> Assigned task: Repeat each entry exactly and drop the pictures.

> Entries provided:
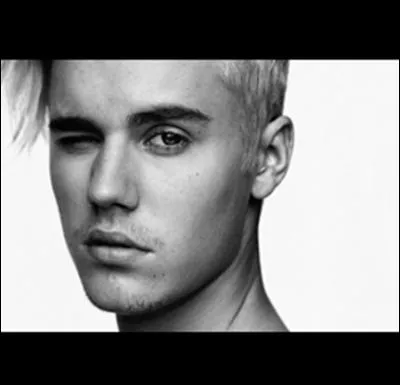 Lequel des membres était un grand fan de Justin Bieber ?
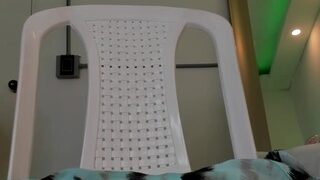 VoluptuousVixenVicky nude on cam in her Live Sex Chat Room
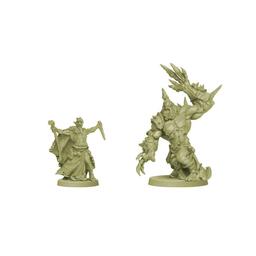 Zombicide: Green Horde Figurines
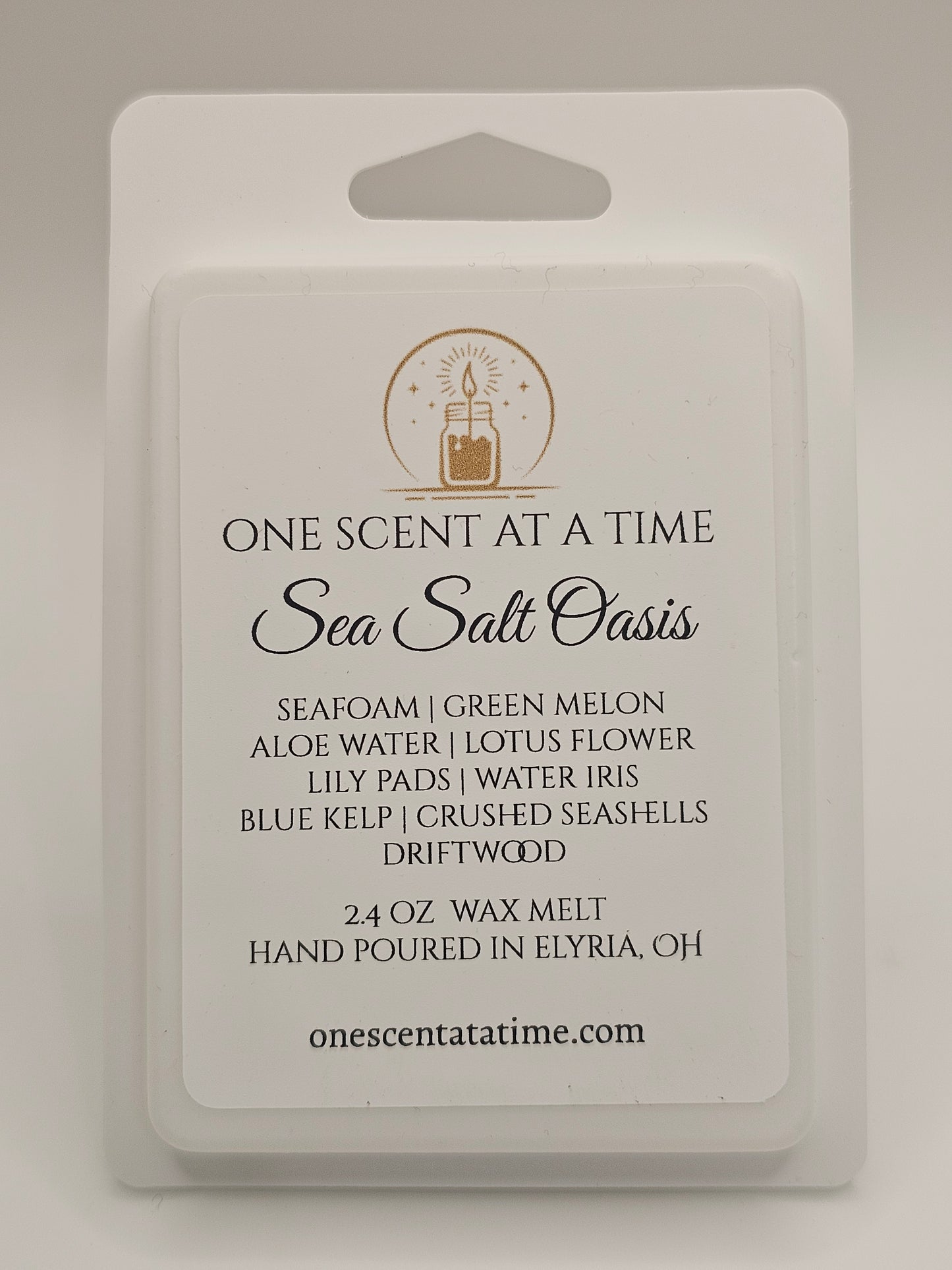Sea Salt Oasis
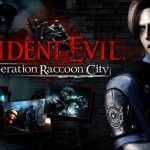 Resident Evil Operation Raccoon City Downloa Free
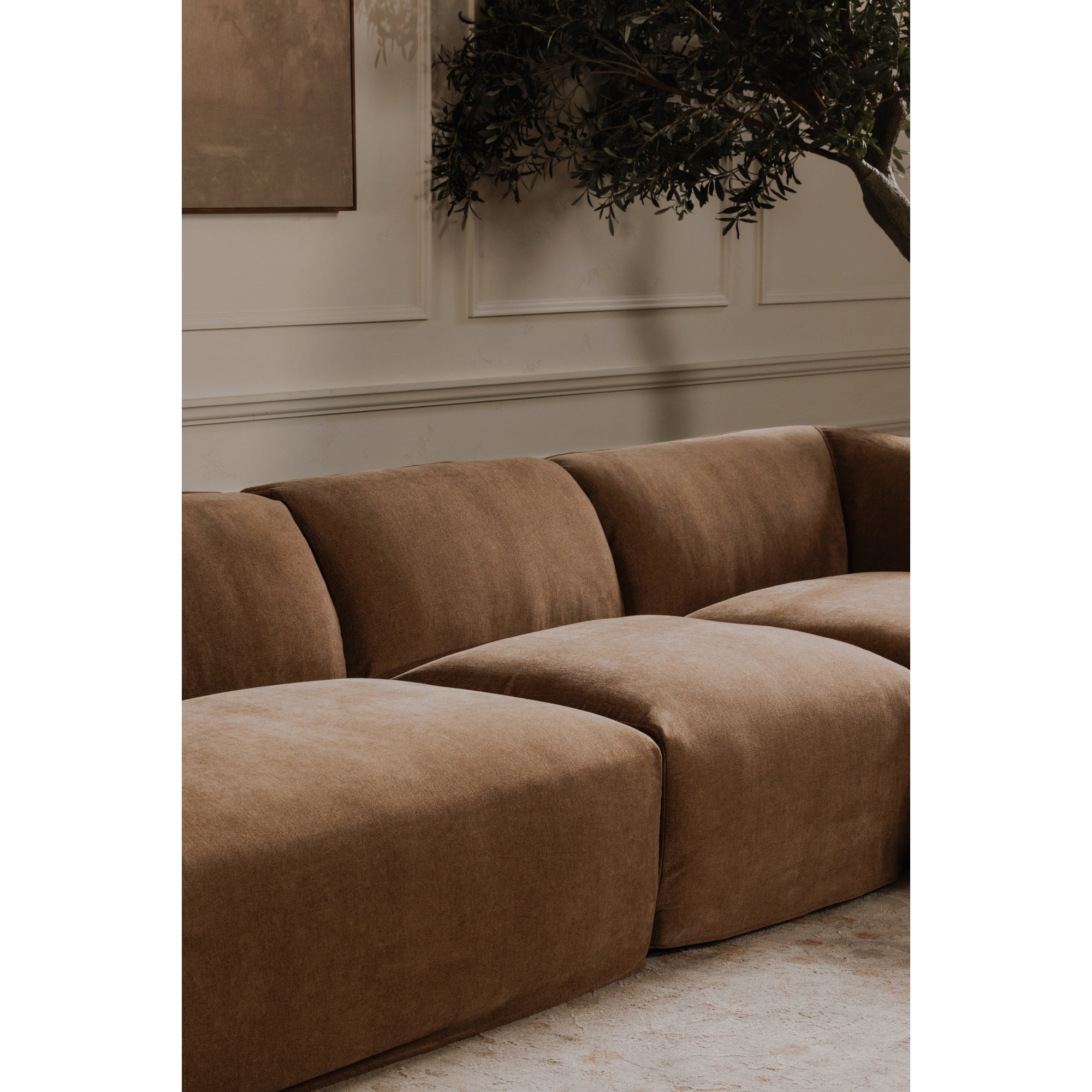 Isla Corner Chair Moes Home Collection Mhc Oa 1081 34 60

> Exercise solution:
 Lequel des membres était un grand fan de Justin Bieber ?
 VoluptuousVixenVicky nude on cam in her Live Sex Chat Room
 Zombicide: Green Horde Figurines
Sea Salt Oasis
 Resident Evil Operation Raccoon City Downloa Free
 Isla Corner Chair Moes Home Collection Mhc Oa 1081 34 60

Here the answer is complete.